RECORDS:

════════════════

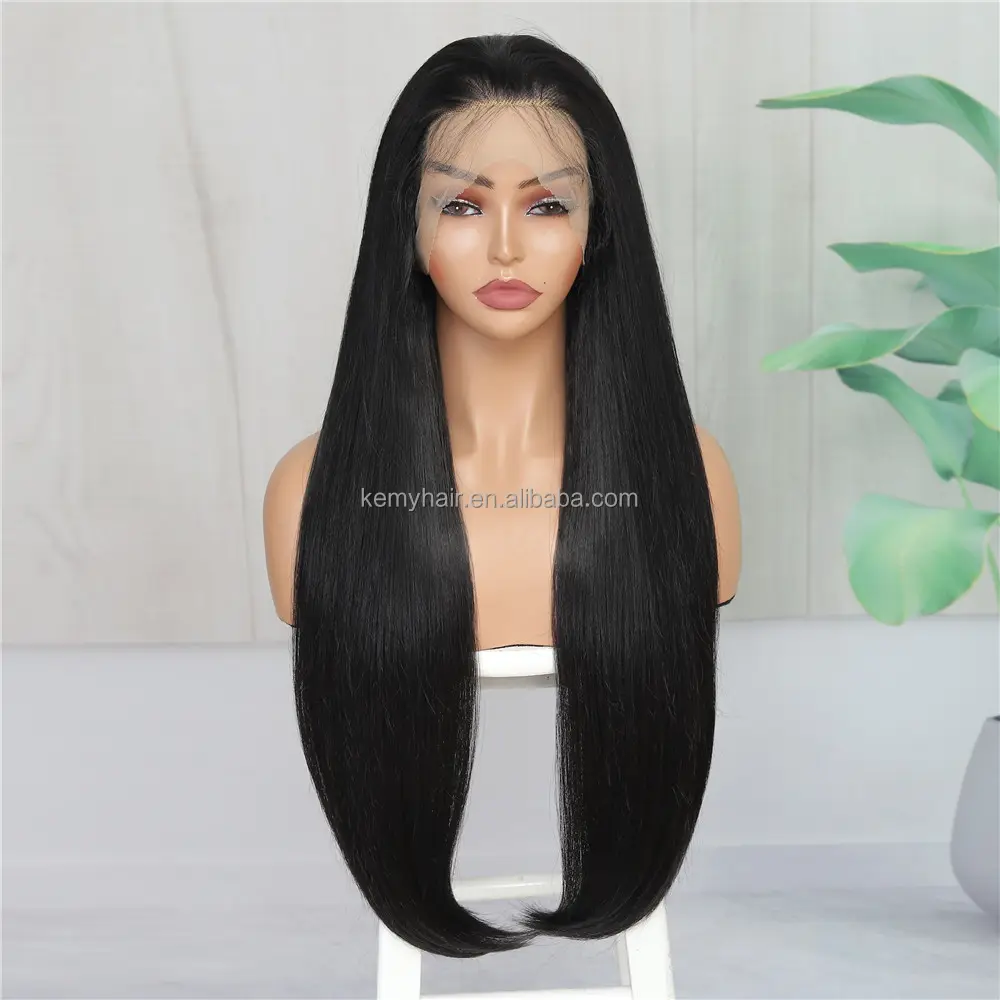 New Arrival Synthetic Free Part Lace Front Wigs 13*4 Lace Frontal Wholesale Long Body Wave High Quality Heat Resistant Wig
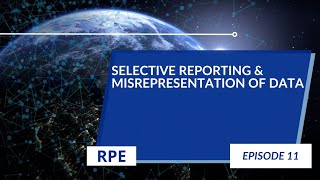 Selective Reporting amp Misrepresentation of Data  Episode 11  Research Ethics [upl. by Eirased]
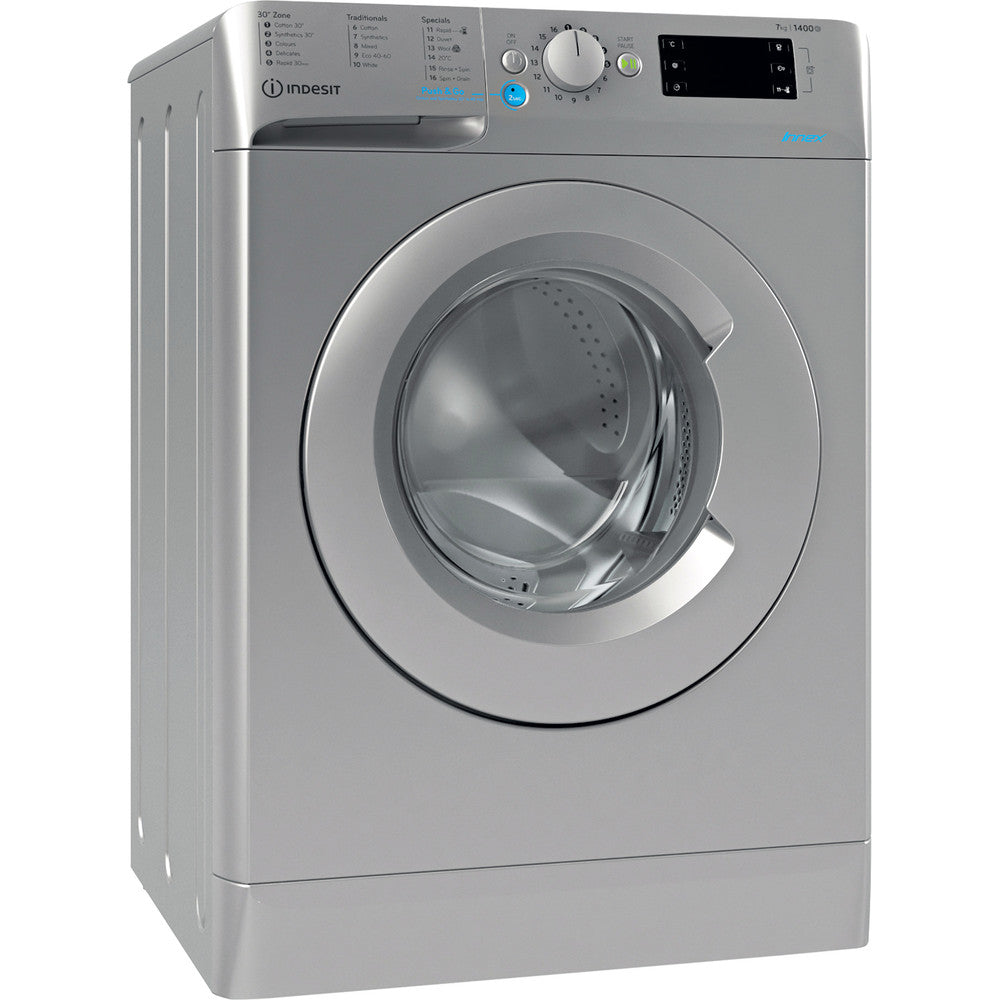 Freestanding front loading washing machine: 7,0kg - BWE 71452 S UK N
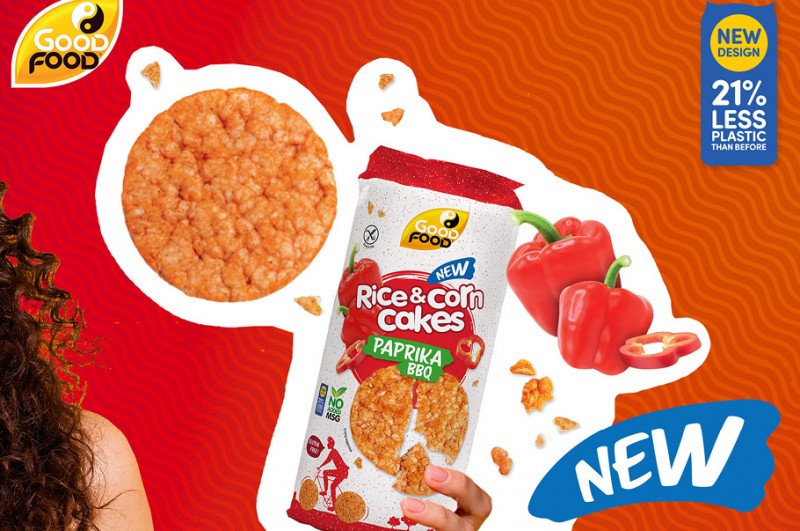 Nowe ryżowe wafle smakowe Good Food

════════════════

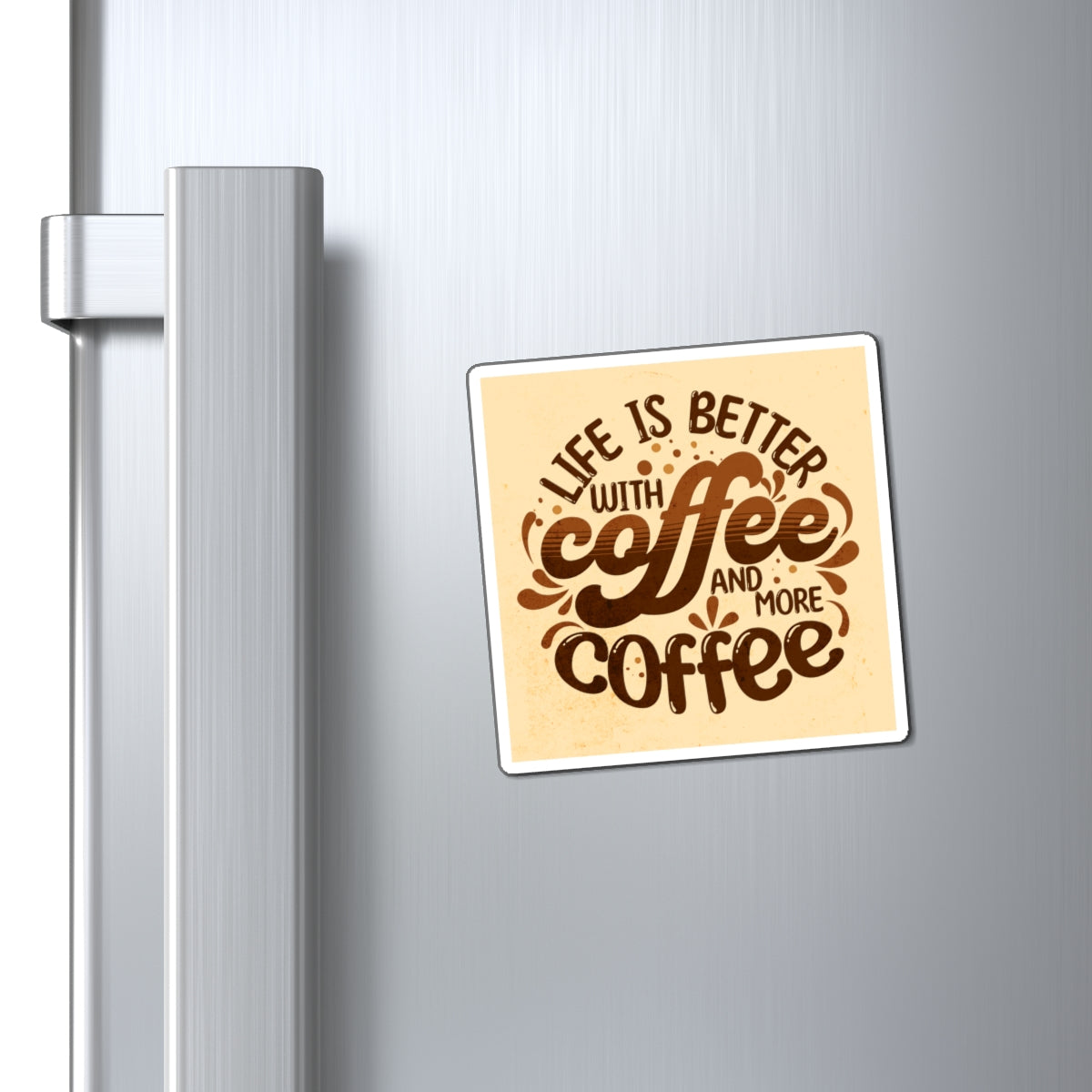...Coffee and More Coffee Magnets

════════════════

Repeat exactly the lines above, beginning at the one containing "New Arrival Synthetic" and ending at the one containing "Nowe ryżowe wafle smakowe Good Food". Do not carry over any pictures.

 New Arrival Synthetic Free Part Lace Front Wigs 13*4 Lace Frontal Wholesale Long Body Wave High Quality Heat Resistant Wig
 Selective Reporting amp Misrepresentation of Data  Episode 11  Research Ethics [upl. by Eirased]
 Freestanding front loading washing machine: 7,0kg - BWE 71452 S UK N
 Nowe ryżowe wafle smakowe Good Food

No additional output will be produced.